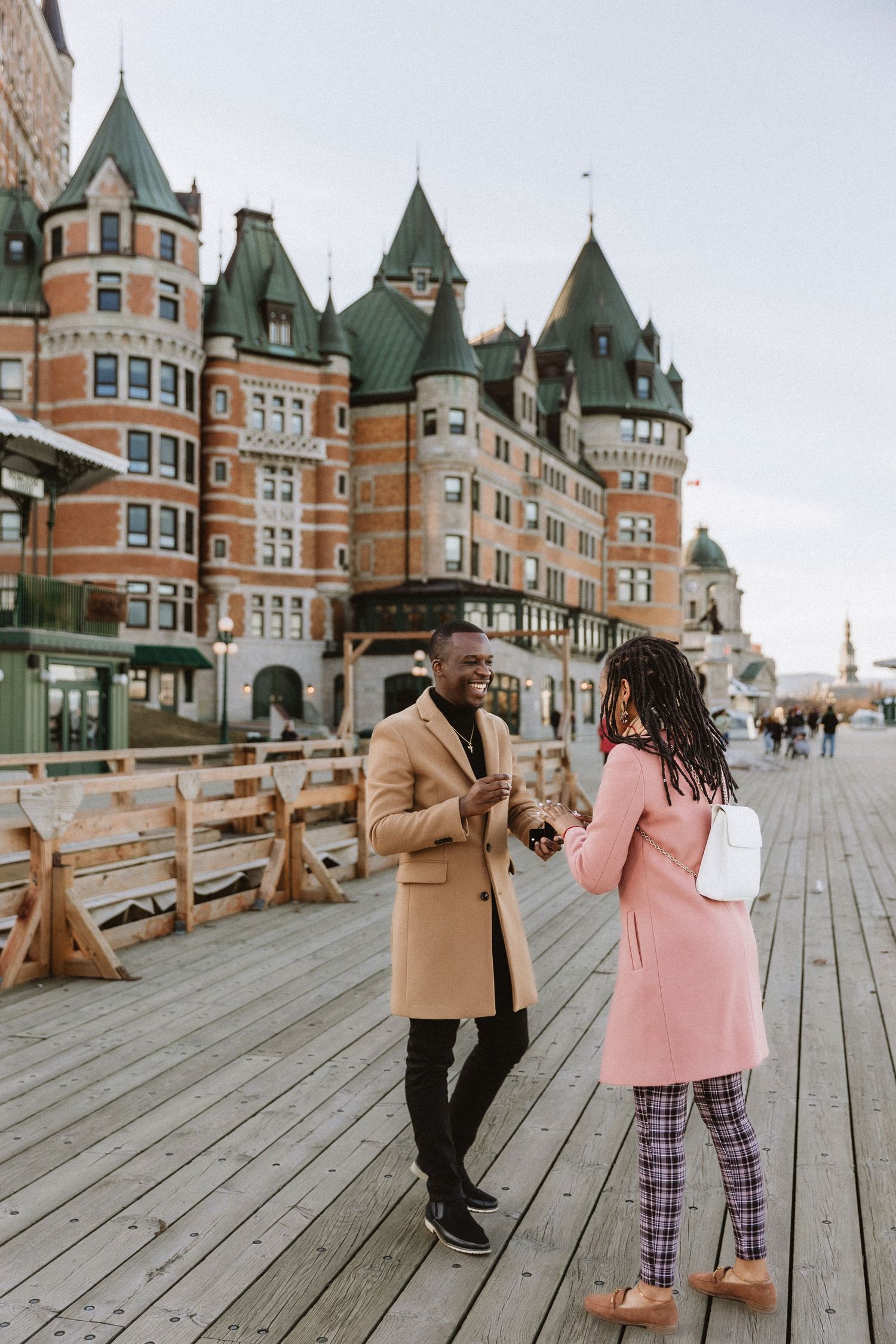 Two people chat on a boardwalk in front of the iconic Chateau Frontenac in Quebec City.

==

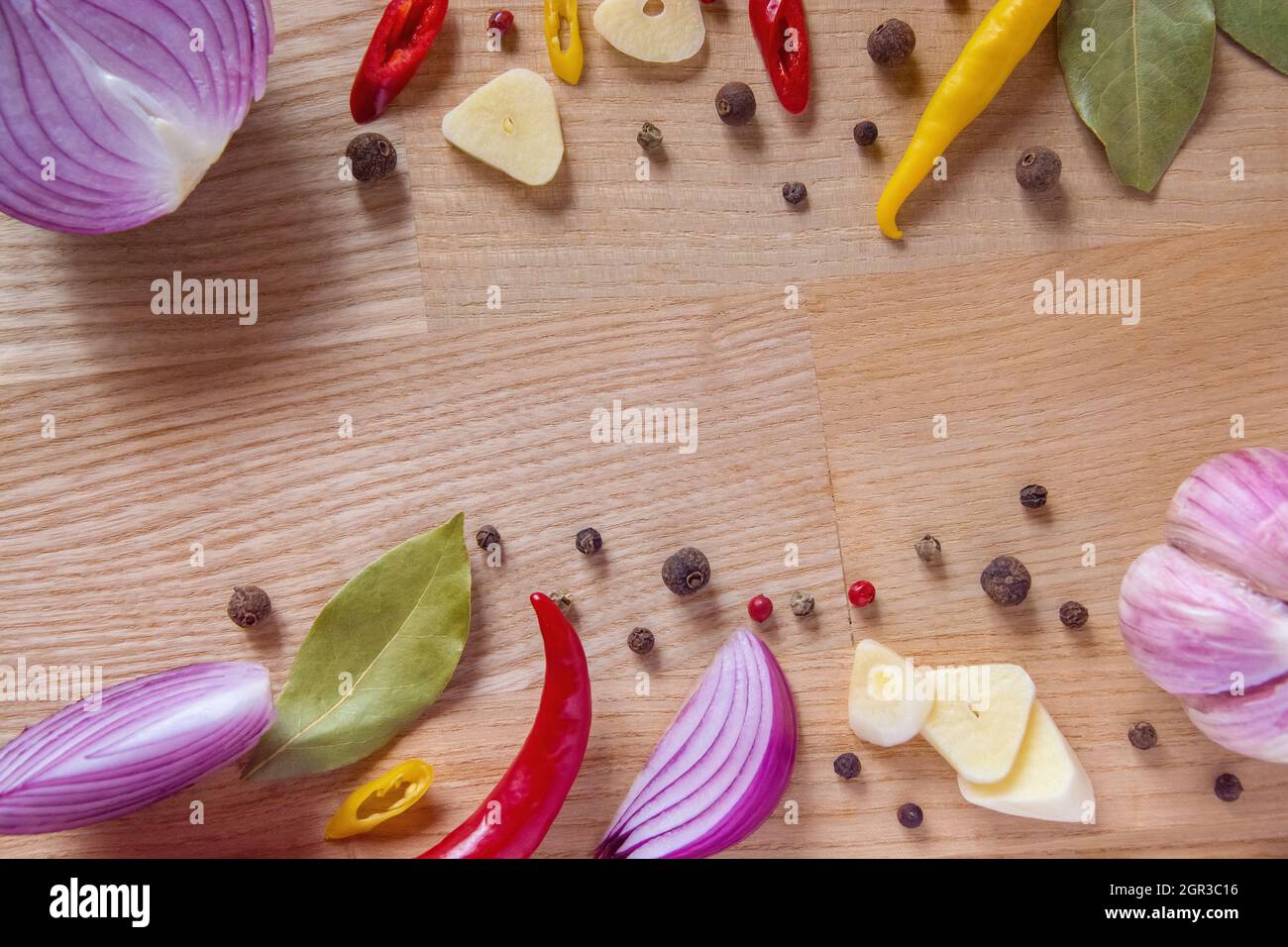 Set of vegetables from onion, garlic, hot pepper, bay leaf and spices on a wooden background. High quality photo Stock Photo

...

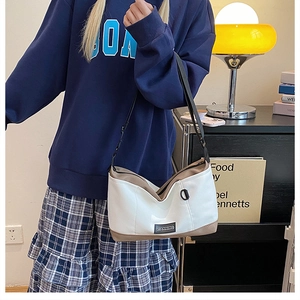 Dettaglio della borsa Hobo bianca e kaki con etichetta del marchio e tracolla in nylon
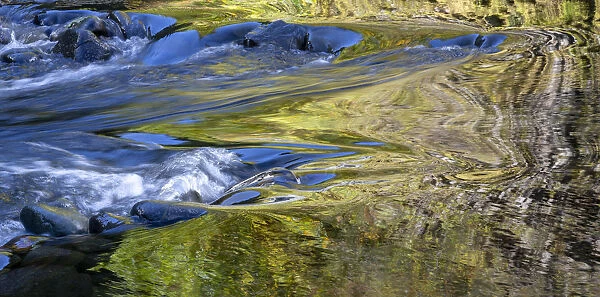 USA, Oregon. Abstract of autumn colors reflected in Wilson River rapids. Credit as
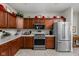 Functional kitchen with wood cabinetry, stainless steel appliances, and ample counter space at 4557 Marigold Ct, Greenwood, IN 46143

* Your task
Only one stretch of the material above is wanted: the line containing "Dettaglio della borsa" through the line containing "USA, Oregon. Abstract". Restate it word for word, minus the pictures.

* Reply to the exercise
 Dettaglio della borsa Hobo bianca e kaki con etichetta del marchio e tracolla in nylon
 USA, Oregon. Abstract of autumn colors reflected in Wilson River rapids. Credit as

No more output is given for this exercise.